Tuesday 28 April 2015

In the halls of Seville's Bellas Artes




The trouble with writing is that it can seem so trivial at times. Outrage, from the sublime to the simplest basics. Having taken on the role of CM's special representative and switched the 
lights out on over 30 years of journalism - sometimes exhilarating sometimes, forgive me, chronic, I felt I needed some time off.  A year would have been great, a month seemed reasonable.... A week will do.
When I look back I know there are things I covered well and things which could have been better. My only regret really, in terms of stories, is that I was often so sucked into our collective naval gazing I was unable to carve out time for stories I was telling other journalists from abroad, such as the BBC, were the big stories of a decade's time, over a decade ago.
It haunts me that we are so focused on the niceties of day to day life on our Rock that we don't always remind ourselves of our geographical reality. Africans have been drowning in the Strait in a continuous dark and silent flow for many, many years. Those who do not fade down into the ancient arms of the Mediterranean currents, end up bobbing in the culture of abuse that has sustained Andalusian needs at a time of austerity. Africans toil the beds, soil and mattress, of the region's black economy.
Gibraltar may be small and trivial to the bigger picture of this harsh landscape, but we cannot ignore its growing reality.
So yes. That is a story we ignore to our peril. 
In that, our relationship with Spain remains a challenge.

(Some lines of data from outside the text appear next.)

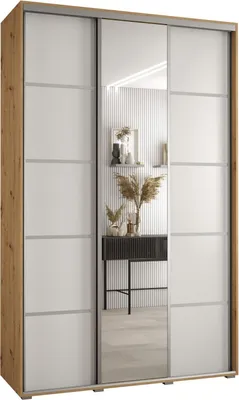 Produktbild von MEBLE KRYSPOL Davos 5 Schrank, drei Türen - 235,2x160x45 cm - Artisan Weiß Silber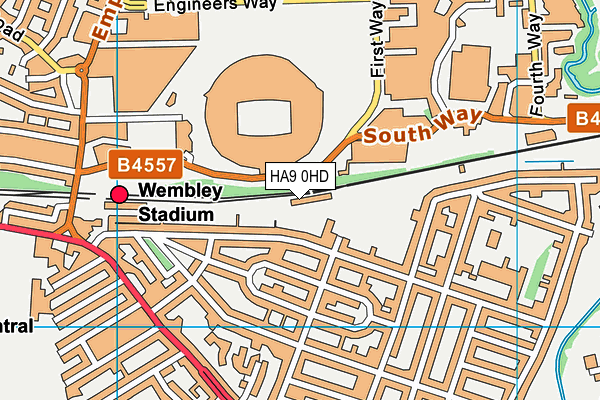 HA9 0HD map - OS VectorMap District (Ordnance Survey)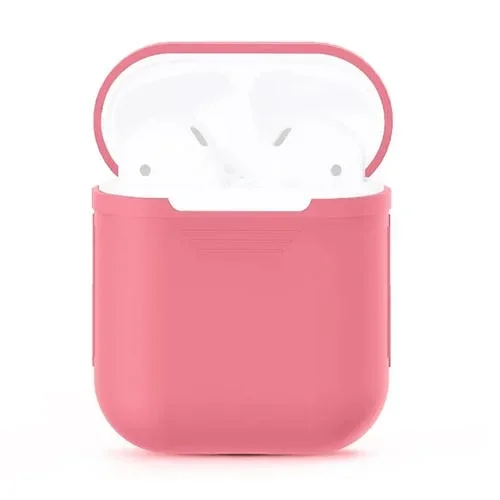 Caja Protectora de Silicona para Auriculares Inalámbricos Apple Airpods 1/2 Bolsa Antipérdida (Rosa)
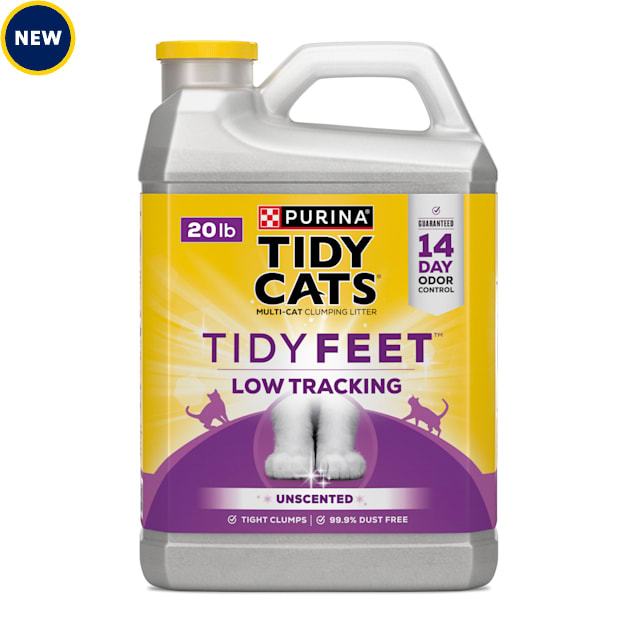 Purina Tidy Cats Tidy Feet Clumping Unscented Low Tracking Cat Litter with Odor Control for Clean Paws 20 lbs. Petco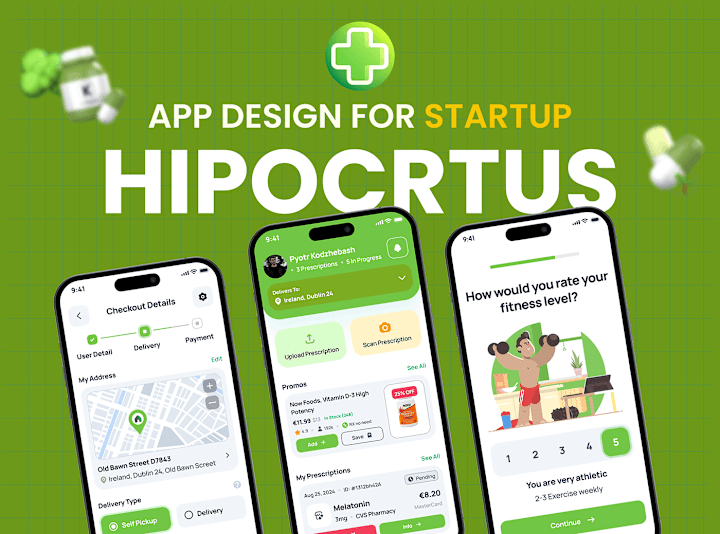 Cover image for 💊 Hipocrtus - Pharmacy & Medicine Finder App Design 🏥 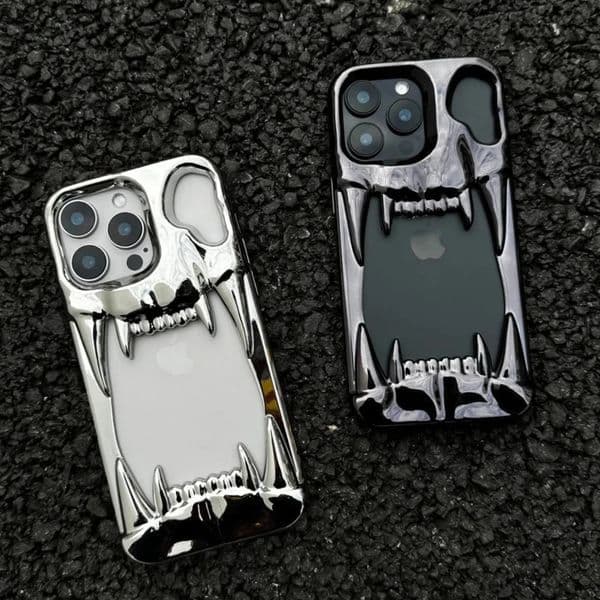 y Cut-Out Plating Hollow Tiger Tooth Skull Case For iPhone 17 Air 16 15 14 Plus 13 12 Pro Max 11 Cooling Shockproof Cover 260410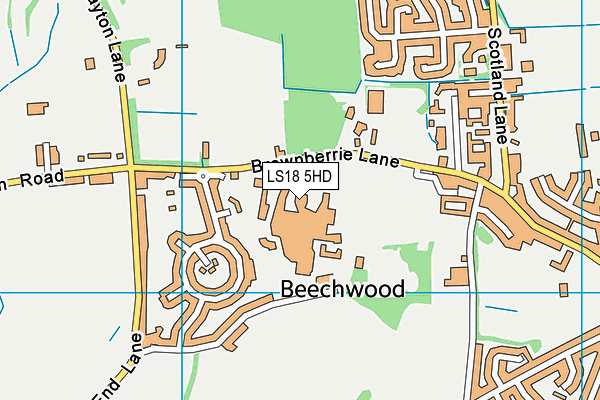 LS18 5HD map - OS VectorMap District (Ordnance Survey) LS18 5HD map - OS VectorMap District (Ordnance Survey)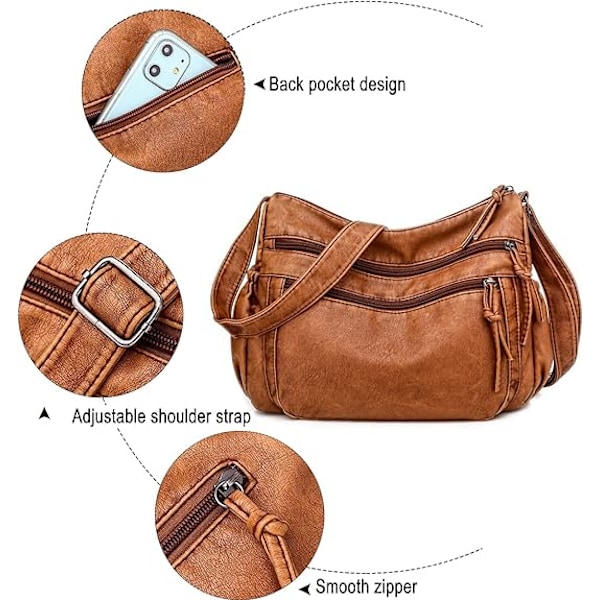 (Brun) Dam Crossbody Väska i Mjukt PU Läder Dam Handväska C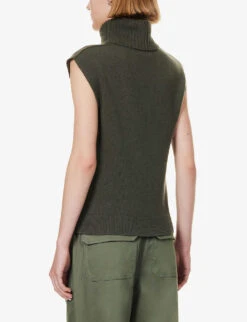 ME AND EM Turtle-neck Wool And Cashmere-blend Vest -Whistles Clothing Shop R04205690 INTENSEOLIVE ALT03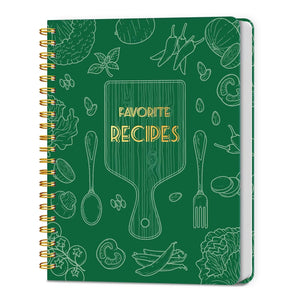 LuBudingJoy Blank Recipe Book to Write in Your Own Recipes, Full Page Sprial Hardcover Personal Recipe Organise, Recipe Journal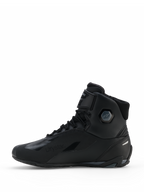 Alpinestars Faster-4 Drystar® sko, motorcykelsko, Black Cool Gray, sideprofil med sømløs mikrofiberkonstruktion, Drystar vandtæt branding, snørelukning med ankelrem og integreret beskyttende ankelstruktur.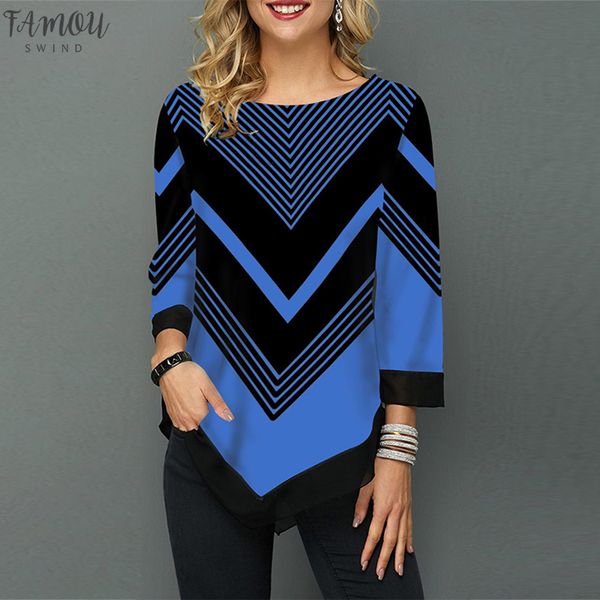 

irregular hem striped womens and blouses casual o neck three quarter sleeve blouse summer patchwork plus size tunic, White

Like a political remake of Jurassic Park we have found ourselves in the bizarre situation of being threatened by Tyrannosaurus Margallo through the frontier gate that he is so keen to close.
As I headed up the Ronda road for my escape into the mountains the thought of those poor people thrust into the deep into their own self- sponsored watery graves, seemed to make trivial Spain's investment in having its boats dodging provocatively through Gibraltar's waters.  

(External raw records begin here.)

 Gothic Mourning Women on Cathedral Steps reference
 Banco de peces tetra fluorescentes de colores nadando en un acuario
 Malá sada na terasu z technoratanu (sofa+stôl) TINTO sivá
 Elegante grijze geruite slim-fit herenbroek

The other failure, but not through lack of trying,  has been that of fostering genuine human relations with our neighbours that transcend the old political sores.

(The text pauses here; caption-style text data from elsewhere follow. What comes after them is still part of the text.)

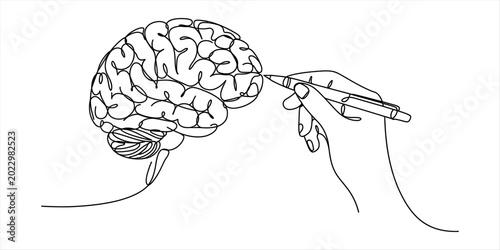Bild auf Leinwand Continuous single line drawing of a human brain being drawn by a hand holding a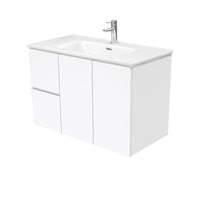 Fienza Fingerpull Gloss White 900 Wall Hung Cabinet, 2 Solid Drawers, Bevelled Edge , With Moulded Basin-Top - Joli Ceramic Left Hand Drawer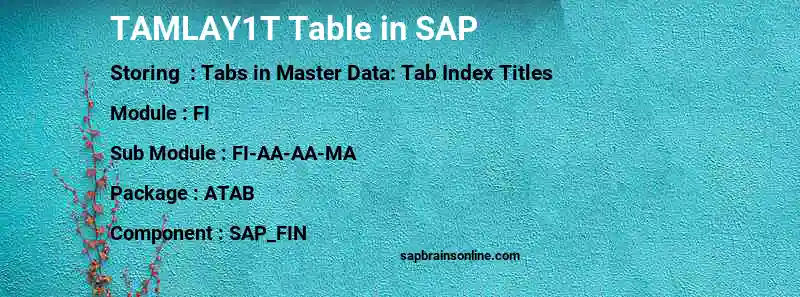 SAP TAMLAY1T table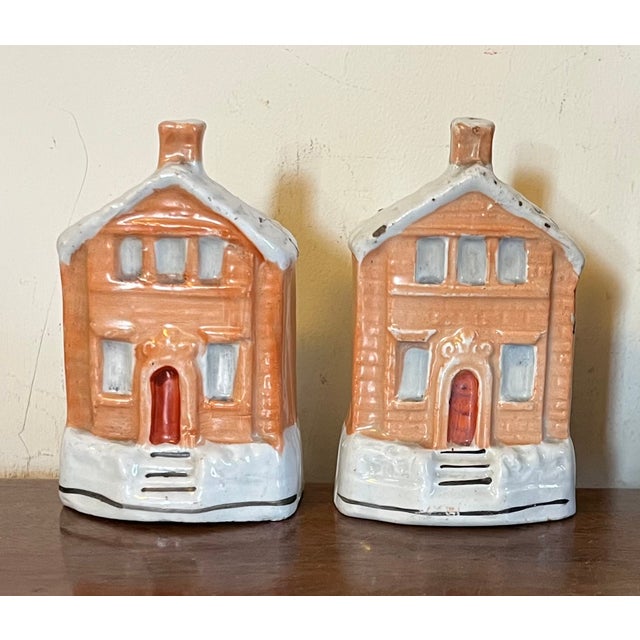 Antique 19th Century English Staffordshire Brick Cottage Coin Banks Circa 1860 - A Pair For Sale - Image 13 of 14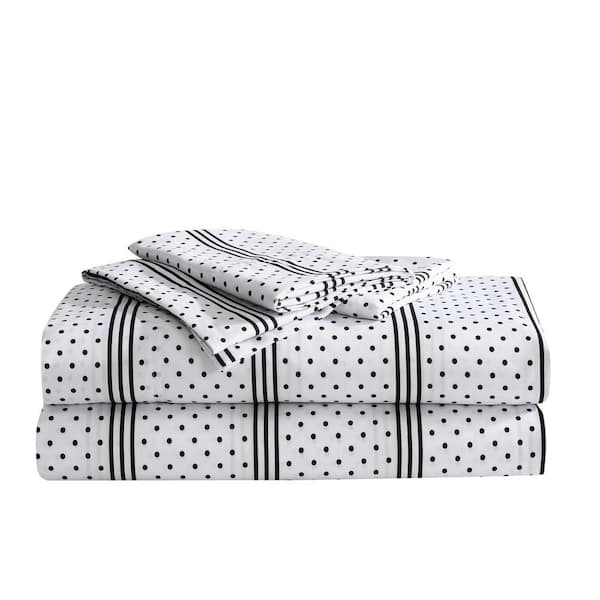 BETSEY JOHNSON Dots and Stripes 3-Piece Black Microfiber Twin Sheet Set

As I strolled through Carmona, much as the author of Don Quijote had once done, it struck me that Sr Margallo's own battles with windmills look increasingly like turning into the beams that will, despite him, lead to supporting the building of good realisation of Gibraltar's great potential.
The dedicated Paco Oda ploughs on in the apparent hope that elections in Spain will pass before any final move is made on the very successful Gibraltar Instituto Cervantes. Sharing culture is an act of peace.
Having myself, through editorials sharing, on a reciprocal basis, column space with one time Europa Sur editor Juan Jose Tellez, always advocated dialogue and cultural links, I had been, in this dull Margallo era, tempted to give up on that. Will Spaniards easily give up their obsession with us... i doubt it.
The pride of place at the Museo de Bellas Artes goes to our own Gibraltarian artist Gustavo Bacarisas. Posters and booklets are printed with his work and there is open acknowledgement of his being born in Gibraltar. How can Spain so consciously reject our cultural contribution to the wealth of this region now when it was clearly accepted almost a century ago.
A new Spain should recognise the value of our small distinct nation and respect that distinction.
Bacarisas painted, well he is a llanito, the beautiful women of Seville.
Culture should be put to the fore and politics left aside.
And still. That dark, secret flow of death arrives at dream shores that we fail, blindly fighting over history, to protect. There are more important things we should all be focused on, not least the human disaster at out shores.
As Margallo travels the globe believing himself a superhero, he fails to to see the greater picture.
When he goes, better people should try. We are them.